Ngaji Demokrasi dari Definisi Hingga Posisi

share on:
Ngaji Demokrasi dari Definisi Hingga Posisi-istidlal.org

Demokrasi sebagai suatu sistem telah banyak, mungkin bahkan hampir semua, negara menerapkan sistem ini. Eksistensinya sudah ada sejak lama. Memahami esensinya menjadikan kita dapat menilai kelayakannya untuk diterapkan dalam suatu negara. Kelayakan itu perlu dipertimbangkan, mengingat hidup itu bukan hanya sekedar hidup dengan rutinitas dunia saja. Ada kehidupan setelah kematian yang tidak bisa dipandang sebelah mata, mengikut pada petunjuk Ilahi dengan Rasulullah Shallallahu Alaihi wa Sallam sebagai penyampainya.

 

Definisi Demokrasi

Kalimat demokrasi berasal dari bahasa yunani yang tersusun dari dua kata, yaitu demos dan kratos. Demos artinya rakyat dan kratos artinya hukum atau kekuasaan.
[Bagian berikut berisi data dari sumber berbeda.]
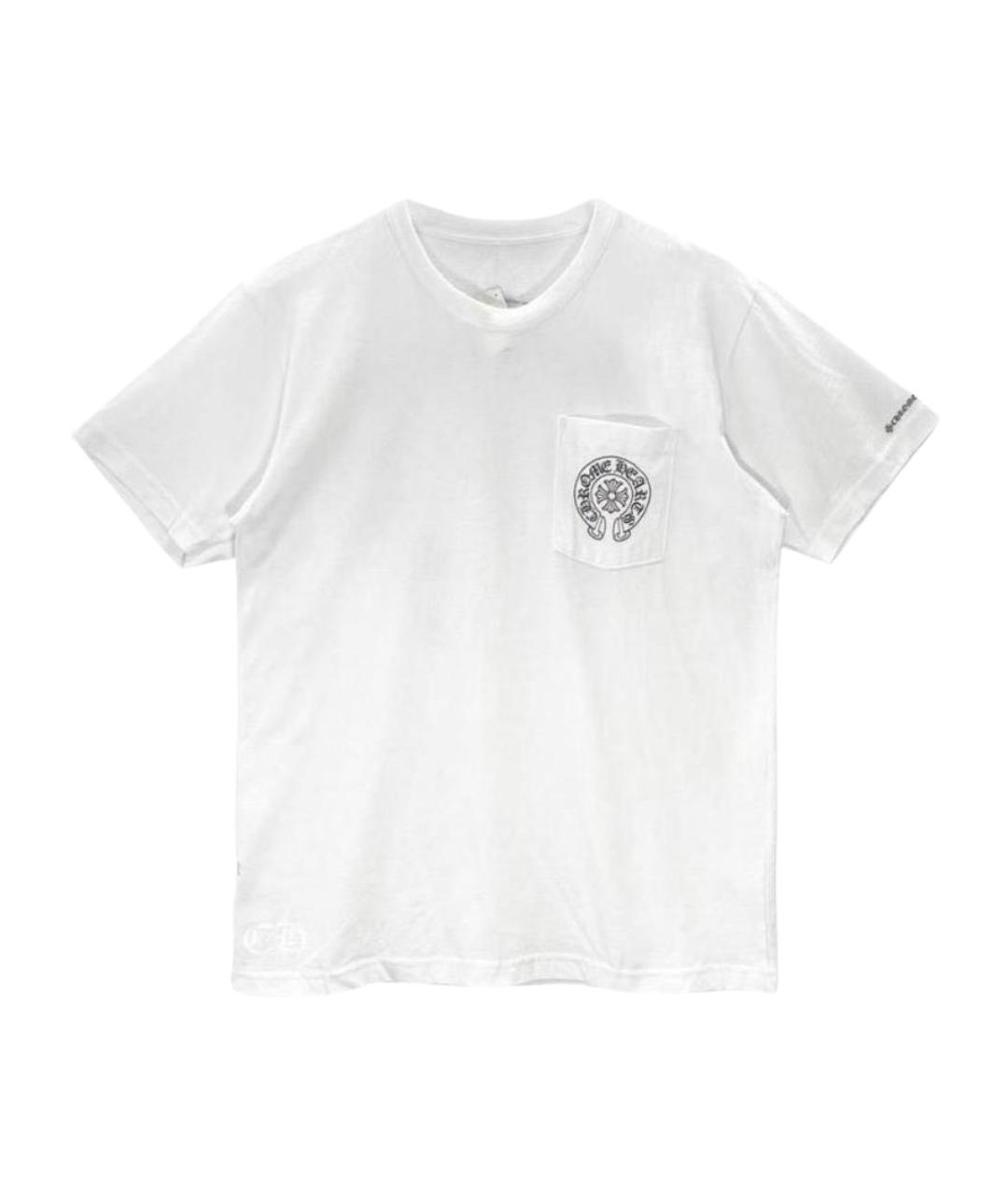 CHROME HEARTS Белая хлопковая футболка, фото 1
Sehingga secara etimologi demokrasi dapat diartikan dengan hukum rakyat atau kekuasaan rakyat (Kumpulan Ulama dan peneliti, Al-Mausu’ah al-Arabiyah al-Muyassarah, (Beirut: Al-Maktabah Al-Ashriyah, Cet-3, 2009), 1580).

Oleh sebab itu, dari rangkaian dua kata demos dan kratos, yang digabung menjadi demokrasi, dapat dipahami bahwa demokrasi adalah suatu sistem pemerintahan dari berbagai sistem yang ada, hal mana hukum, kekuasaan, dan pembentukan hukum serta undang-undang yang ada merupakan hak rakyat atau umat atau seluruh manusia. Maka, Abraham Lincoln mendefinisikan demokrasi dengan, hukum rakyat untuk rakyat dan dari rakyat. (Dr. Qahrudin Yunus, Al-Insaniyah, (Kairo: Dar al-Dalil ar-Riyadhi, TT), 399).
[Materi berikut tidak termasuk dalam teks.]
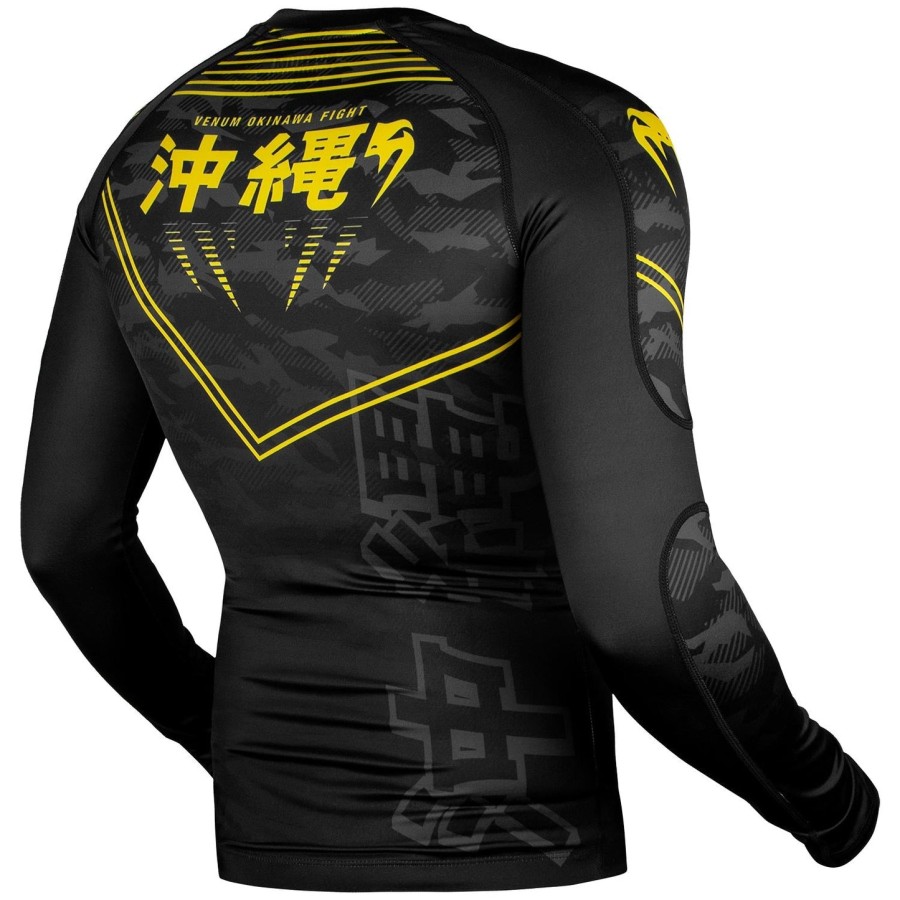 venum okinawa 2.0 rashguard - lange mouwen - zwartgeel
Definisi ini menunjukkan bahwa kekuasaan berada di tangan rakyat. Kendali urusan hukum berada di tangan seluruh rakyat. Hal ini menjadikan suatu negara tanpa penguasa, hakim, dan pemimpin. Hukum tidak dimonopoli oleh kelompok tertentu, artinya setiap orang berhak melakukan apa yang diinginkan. Dari sini, tampak adanya unsur-unsur penting yang mendasari terbentuknya sistem demokrasi.
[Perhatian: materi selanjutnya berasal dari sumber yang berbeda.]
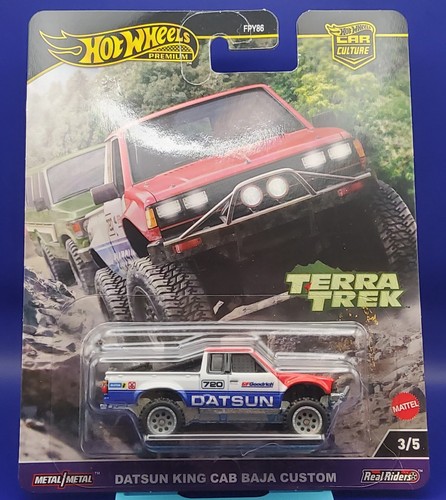 2024 Hot Wheels Premium Car Culture Terra Trek Datsun King Cab Baja Custom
Di antara unsur yang urgen ada dua, pertama kekuasaan tertinggi ditangan rakyat. Dan kedua, hak-hak dan kebebasan dilidungi secara hukum bagi setiap individu yang hidup dibawah sistem tersebut. (Muhammad Aman Ali al-Jami, Haqiqat ad-Dimuqratiyah wa annaha Laisat Minal Islam, (Kairo: Dar al-Minhaj, Cet-1, 1426 H/2005) 17)

 

Demokrasi, Dulu dan Sekarang

Jika dirunut kembali, akar sejarah demokrasi telah ada semenjak sebelum masehi. Sistem demokrasi ini bermula dari daerah Sparta Yunani, bukan dari Athena, tempatnya para filosof dan pemikir. Hal ini perlu diketahui, guna memahami tabiat dari sistem demokrasi yang muncul di masa tersebut.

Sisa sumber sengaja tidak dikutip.